Poésie féminine chantée de mariage en kabyle (urar)

 

Mots-clés

berbère, kabyle, Algérie — oralité ; poésie féminine de mariage chantée, urar ; performance, performance collective ; improvisation — mariage ; fête ; louange ; bénédiction

Production

Poésie produite par des femmes d’environ cinquante ans ayant exigé l’anonymat. Elles ont précisé que les poèmes ne leur appartiennent pas, qu’elles les avaient appris auprès de leurs mères et grands-mères et d’autres vieilles femmes durant des fêtes ou parfois en puisant de l’eau.

Édition du corpus

Collecte:  La collecte a été réalisée entre 2011 et 2013 par Yasmina Fourali avec l’aide de l’une de ses étudiantes, dans le cadre d’un projet personnel de constitution d’un corpus de poésie féminine festive. La recherche a été effectuée dans trois localités de la Kabylie-Algérie : Ahl El Ksar(Ath-Laksar), Takerboust (wilaya de Bouira) et Tala Ouamar –Tizi Gheniff (wilaya de Tizi-Ouzou). Les performances sont sollicitées et les séances ont eu lieu au domicile des chanteuses.

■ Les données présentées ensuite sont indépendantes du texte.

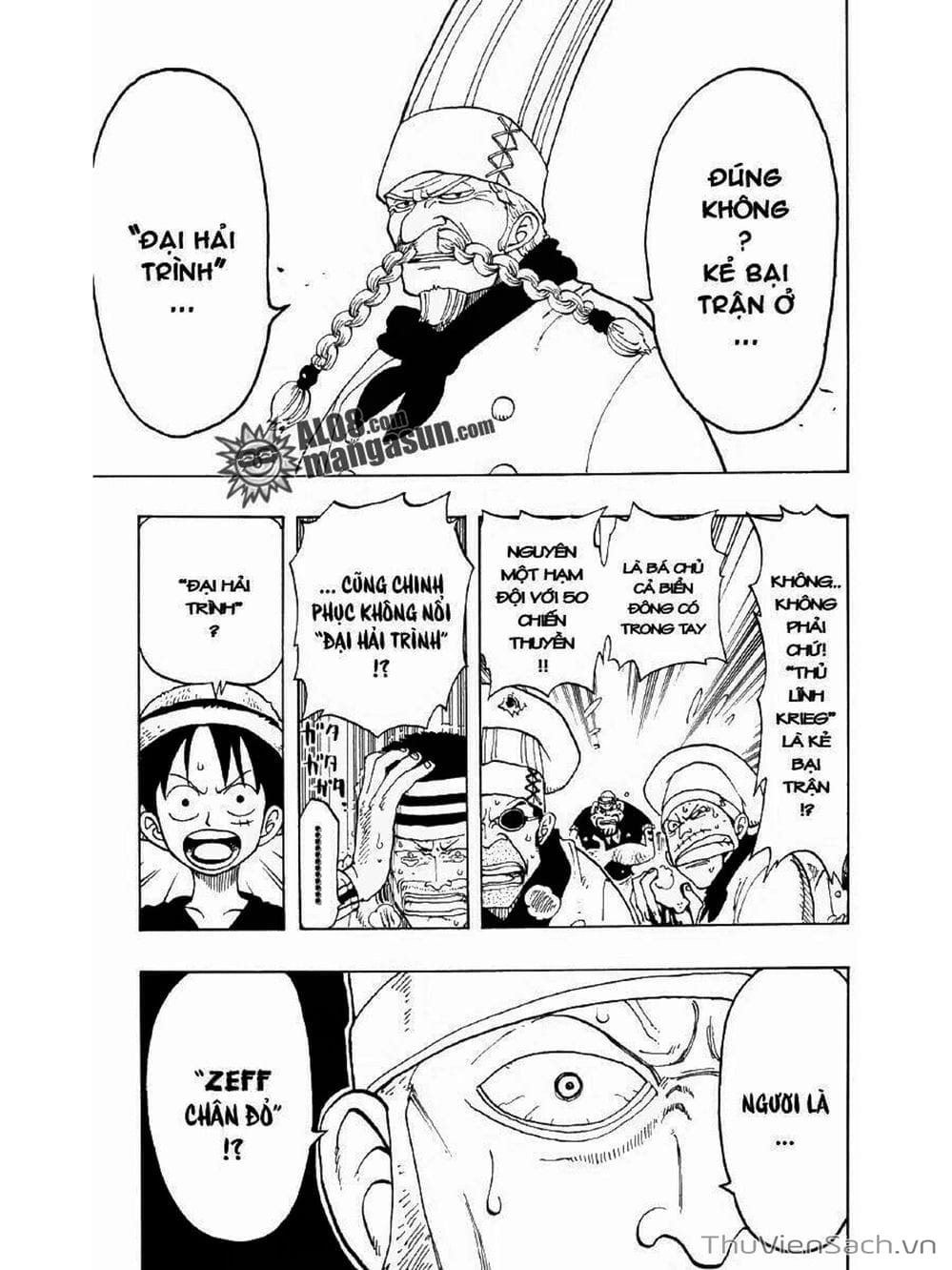Truyện Tranh Đảo Hải Tặc - One Piece trang 8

Transcription et traduction:  Corpus transcrit et traduit par Yasmina Fourali.

Contexte

Le terme urar est un nom polysémique qui signifie étymologiquement « jeux » ; le dérivé amurar « joueur »désigne celui qui prend part à l’urar. Dans un sens plus restreint, urar renvoie à la séance de chant accompagnée de danse, à la satire et au rire qui créent de l’animation et qui procurent de la détente. En Kabylie, ce terme est employé pour différentes occasions festives (tameghra « la fête »).Dans ce contexte, il désigne l’une des étapes du cérémonial1 marquant la naissance d’un enfant (surtout de garçon), la circoncision et le mariage. Durant ces manifestations, on assiste à la réalisation de différents genres de poésie. Cette poésie, dite « festives », se distingue, selon les énonciateurs, en poésie festive féminine et masculine.

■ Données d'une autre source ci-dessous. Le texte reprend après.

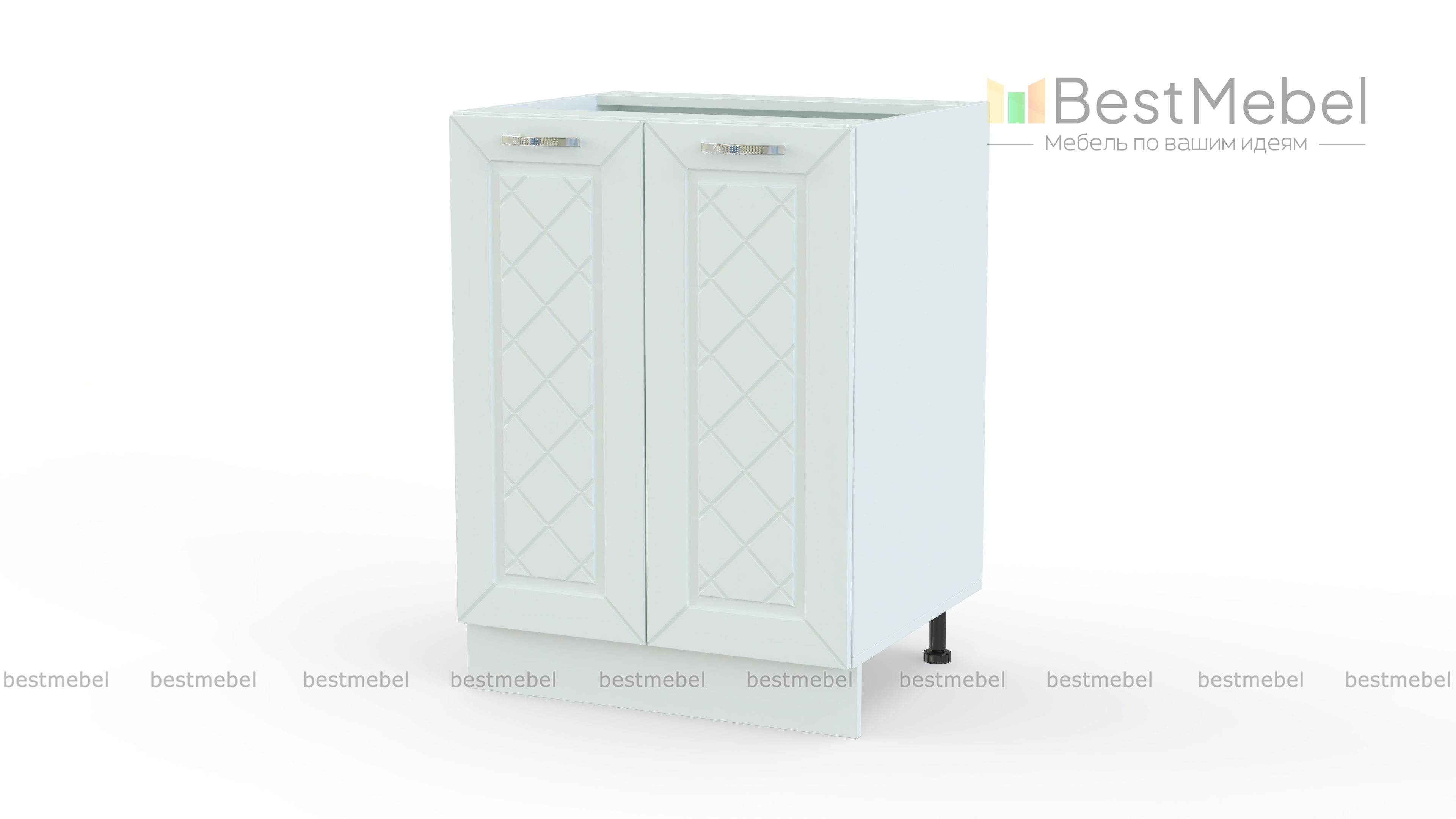 Шкаф нижний 2 двери Агава BMS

Le mariage est l’occasion par excellence où l’urar donne lieu à une performance durant laquelle se suivent plusieurs genres poétiques2 féminins qui sont chantés et dont certains sont accompagnés de danse. L’urar constitue ainsi un cadre réglementé où les femmes s’assument dans un chœur dénommé urar n lxalat, en outrepassant (aussi bien au plan social que poétique et rhétorique) les tabous. En effet, au cours de la séance, dans un espace clos (qui leur est réservé), les femmes s’expriment vocalement et corporellement pour chanter l’amour et l’interdit ; ces chants sont réalisés selon des rythmes traditionnels improvisés.

De manière générale, la forme et le contenu de la poésie féminine chantée festive varient en fonction de la fête et des étapes au cours des quelles cette poésie est produite. Les manifestations et la terminologie varient dans les différentes régions de l’aire berbère. Cependant, cette variabilité repose sur une certaine unité culturelle concernant à la fois les fêtes et les poésies, lesquelles ont plusieurs fonctions, entre autres : la bénédiction, la « purgation » de l’âme (dans le sens de catharsis) et les vœux de bonne réussite pour l’évènement.

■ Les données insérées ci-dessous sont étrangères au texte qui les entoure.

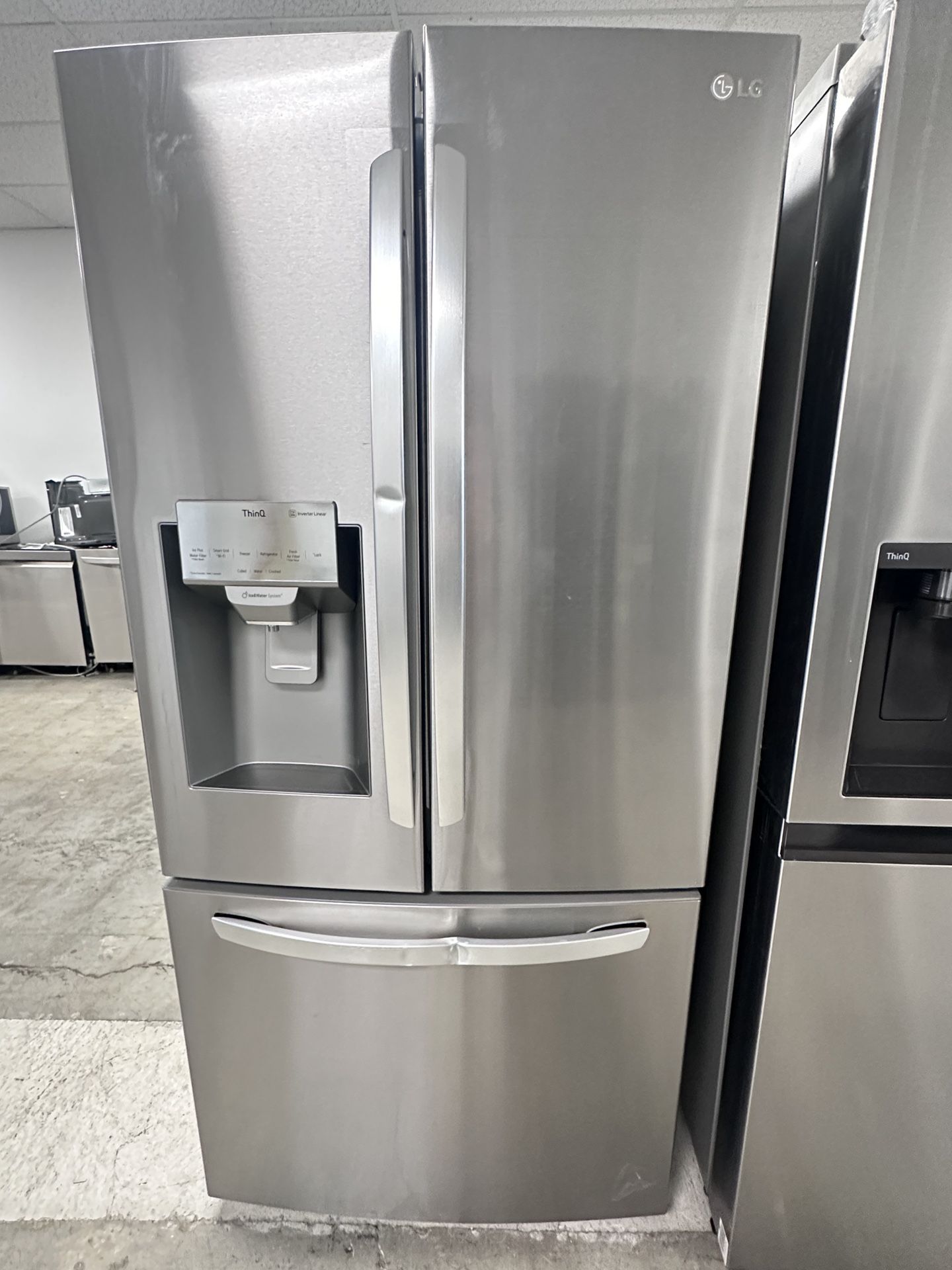 Unused LG 33” Wide Refrige Staring From 729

Quelques traits constants caractérisent la performance quelle que soit l’occasion. En effet, cette poésie est chantée lors des fêtes, auxquelles participent plusieurs femmes. Elle est produite et structurée en mètres et en strophes. Elle est chantée selon un rythme donné avec un accompagnement musical qui est généralement le « tambour » abendayer ; elle peut être ponctuée par des « youyous », des applaudissements et des danses. La performance est donc collective. Elle comprend une part d’improvisation et se réalise par séances correspondant à certaines étapes de la fête ou à la fête toute entière.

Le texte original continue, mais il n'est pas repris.